Paulo Castillo, MD1; Marcus Lester R. Suntay, MD, FPCS, FPSPS, FPALES2

1World Surgical Foundation
2Philippine Children's Medical Center

Abstract

Imperforate anus is a birth defect in which the anal opening is absent. This condition develops during the fifth to seventh weeks of pregnancy and the cause is unknown. It affects about one in every 5,000 newborns and is noted to be more common among boys than girls. Imperforate anus is usually present with other birth defects such as vertebral defects, cardiac problems, tracheoesophageal fistula, renal anomalies, and limb abnormalities, collectively known as the VACTERL association. These are classified as low or high type. In the low type, in which the rectum remains close to the skin, there may be associated stenosis of the anus, or the anus may be missing altogether, with the rectum ending in a blind pouch.
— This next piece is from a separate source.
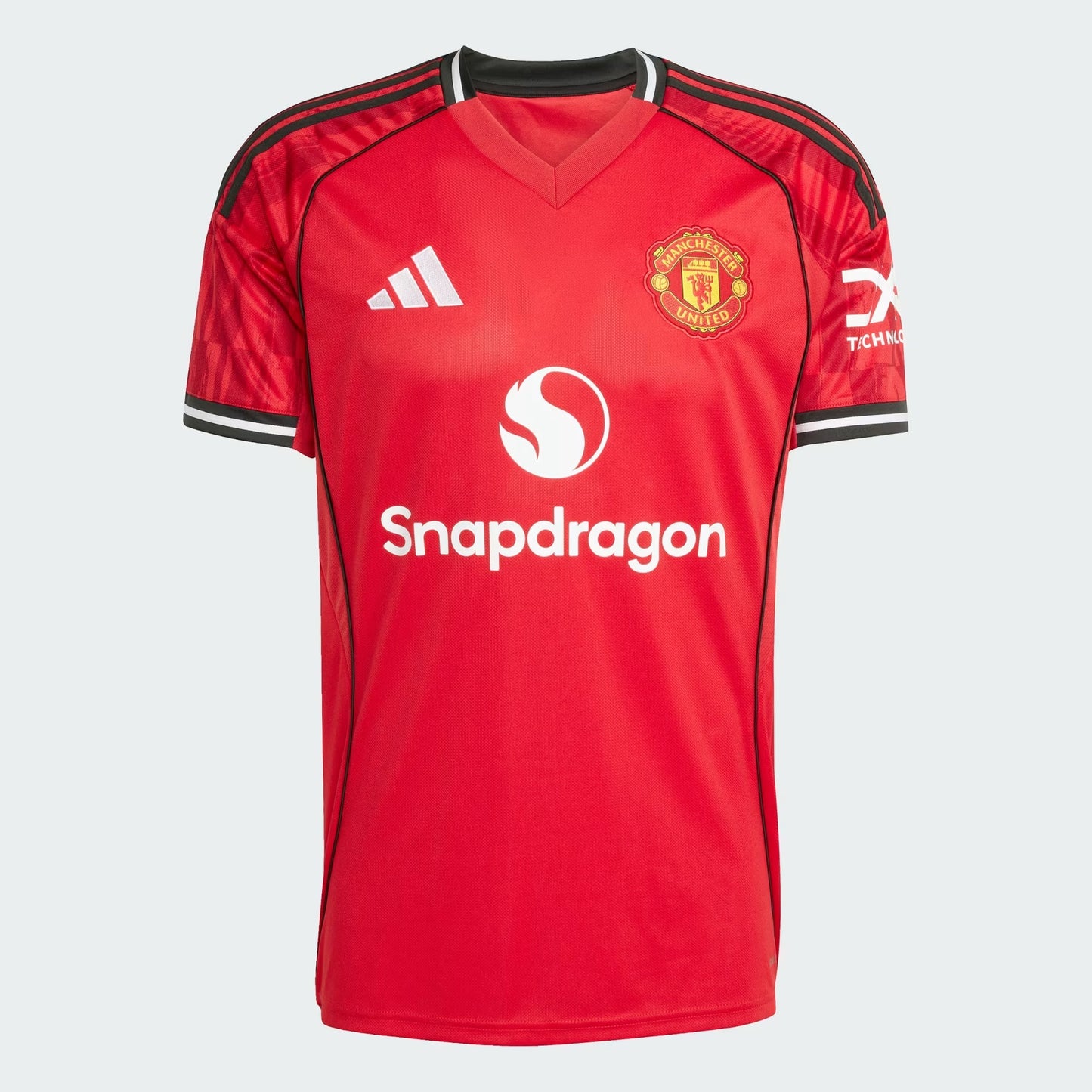 Manchester United Player Jersey Home 2025/26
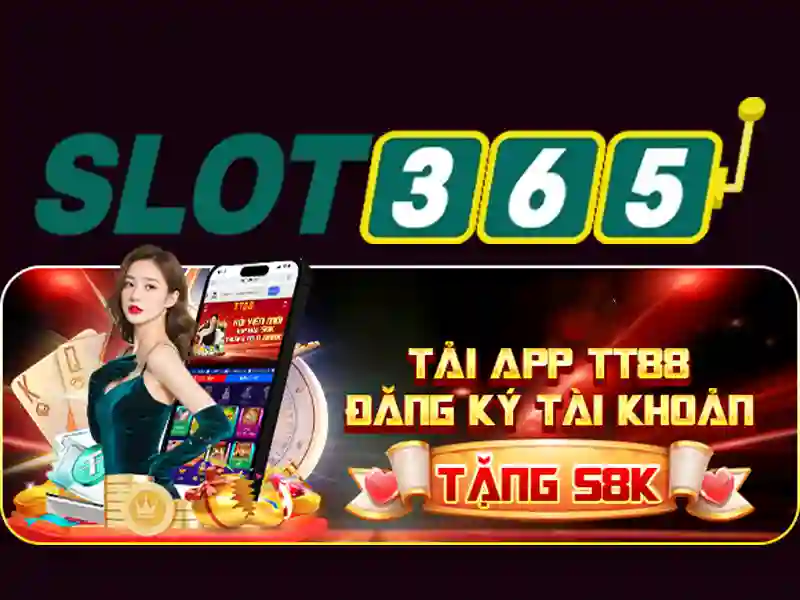Slot365 chính thức: Khám phá trải nghiệm Slot365 apk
In the high type, in which the rectum is higher up in the pelvis, there may be a fistula connecting the rectum and the bladder, urethra, or the vagina. The diagnosis is made by performing a physical exam after birth. An x-ray of the abdomen and abdominal ultrasound can help reveal the extent of the abnormalities. Treatment is surgical creation of an opening or new anus to allow stool to pass. The type of surgery differs and depends on whether the anus ends high or low in the pelvis. In the case of a low type, an anal opening is made in a single operation, and the rectum is pulled down to the anus. For high type, surgical correction is performed in three stages. The first procedure is bringing the intestine out of the abdomen creating a stoma; the second procedure is pulling the rectum down to the anus where a new anal opening is created; and the third procedure is closure of the intestinal stoma. Here, we present a case of a 9-month-old male who was born with a high-type imperforate anus. A posterior sagittal anorectoplasty (PSARP) was done as the second of three stages of treatment. The first was an emergency sigmoid colostomy, and the third will be to close the colostomy in about 6 to 8 weeks following the PSARP.